Obtaining a version materialization means returning an entity version at a given time or at the closest past available time.

To do so, create an instance of the AgnosticEntity class, passing as an argument the entity URI (RES_URI) and the configuration file path (CONFIG_PATH). For more information about the configuration file, see Configuration file. Finally, run the get_state_at_time method, passing the time of interest as an argument and, if provenance metadata are needed, True to the include_prov_metadata field. The specified time can be any time, not necessarily the exact time of a snapshot.
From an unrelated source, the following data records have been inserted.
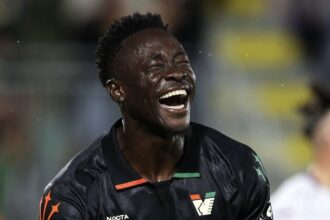 Akor Adams celebrating his goal against Napoli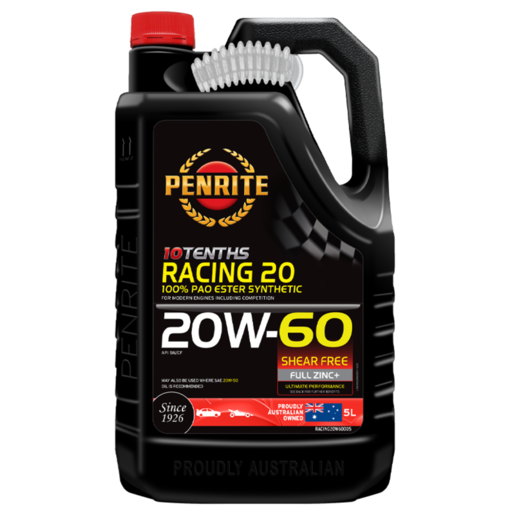 Penrite 10 Tenths Racing 100% PAO & Ester 20W-60 5L - RACING20W60005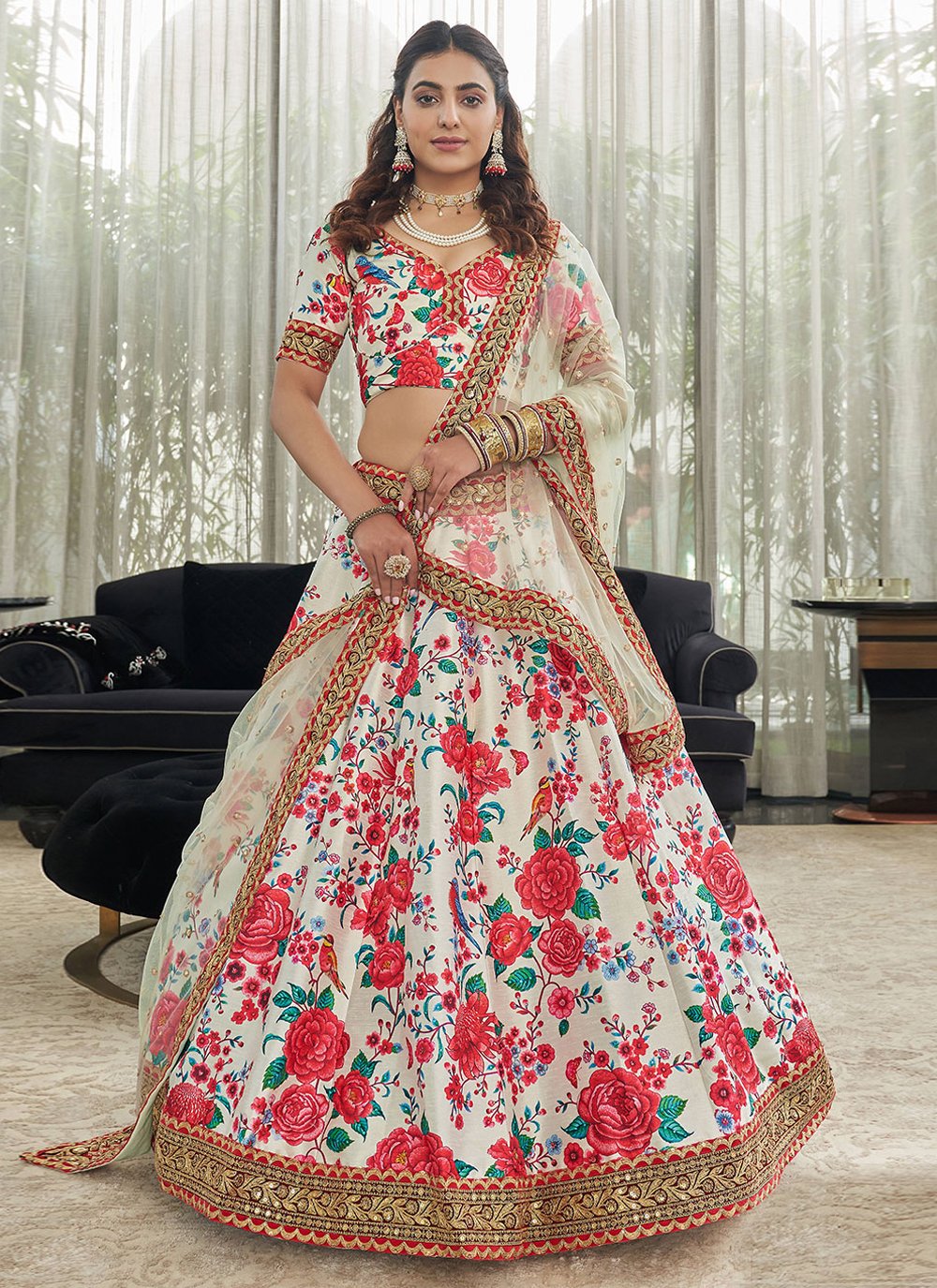 Lehenga Choli Art Silk Red White Digital Print Lehenga Choli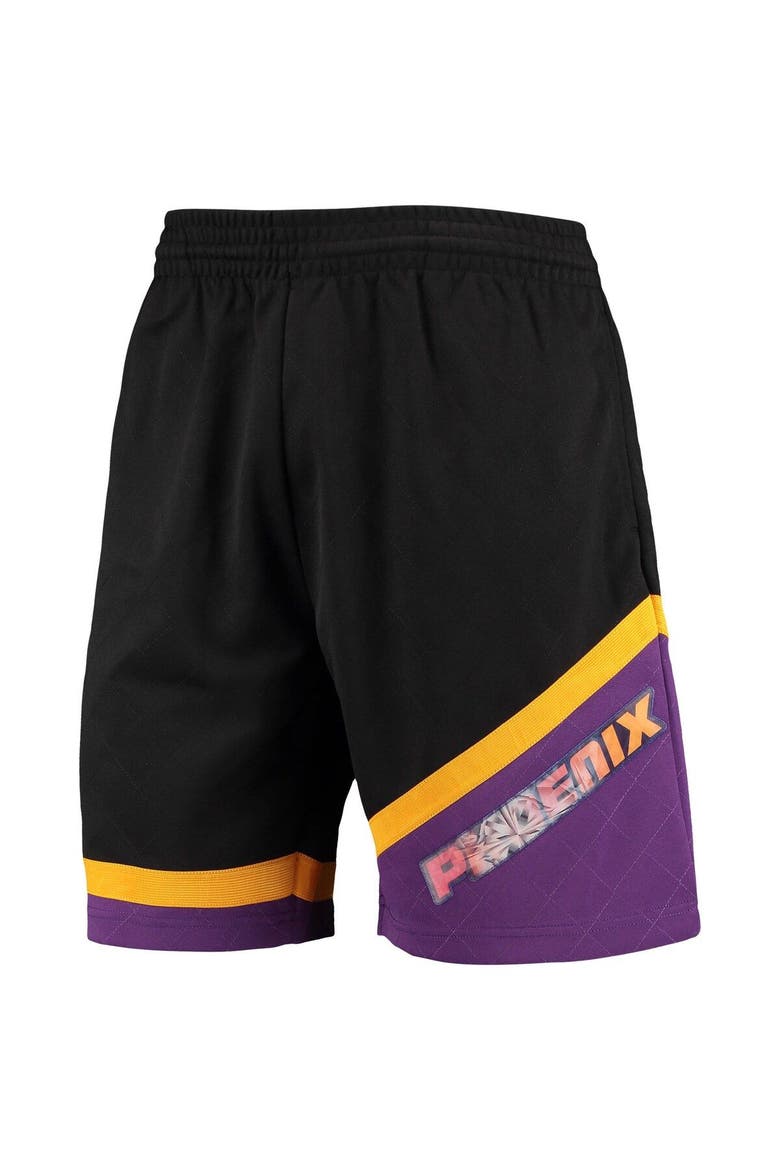 Men's Mitchell & Ness Black Phoenix Suns Hardwood Classics 75th Anniversary Swingman Shorts, Alternate, color, Black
In addition, it can be specified in any existing standard.

  agnostic_entity = AgnosticEntity(res=RES_URI, config_path=CONFIG_PATH)
  agnostic_entity.get_state_at_time(time=TIME, include_prov_metadata=True)

The output is always a tuple of three elements: the first is the rdflib.Graph of the resource at that time (ENTITY_GRAPH_AT_TIME), the second is a dictionary containing the reconstructed snapshot's provenance metadata, the third is a dictionary containing the other snapshots' provenance metadata if include_prov_metadata is True, None if False.

  (
    ENTITY_GRAPH_AT_TIME, 
    {
        SNAPSHOT_URI_AT_TIME: {
            'http://www.w3.org/ns/prov#generatedAtTime': GENERATION_TIME, 
            'http://www.w3.org/ns/prov#wasAttributedTo': ATTRIBUTION, 
            'http://www.w3.org/ns/prov#hadPrimarySource': PRIMARY_SOURCE
        }
    }, 
    {
        OTHER_SNAPSHOT_URI_1: {
            'http://www.w3.org/ns/prov#generatedAtTime': GENERATION_TIME, 
            'http://www.w3.org/ns/prov#wasAttributedTo': ATTRIBUTION, 
            'http://www.w3.org/ns/prov#hadPrimarySource': PRIMARY_SOURCE
        }, 
        OTHER_SNAPSHOT_URI_2: {
            'http://www.w3.org/ns/prov#generatedAtTime': GENERATION_TIME, 
            'http://www.w3.org/ns/prov#wasAttributedTo': ATTRIBUTION, 
            'http://www.w3.org/ns/prov#hadPrimarySource': PRIMARY_SOURCE
        }
    }
  )

On the other hand, if the whole entity's history is required, use the get_history method.

  agnostic_entity = AgnosticEntity(res=RES_URI, config_path=CONFIG_PATH)
  agnostic_entity.get_history(include_prov_metadata=True)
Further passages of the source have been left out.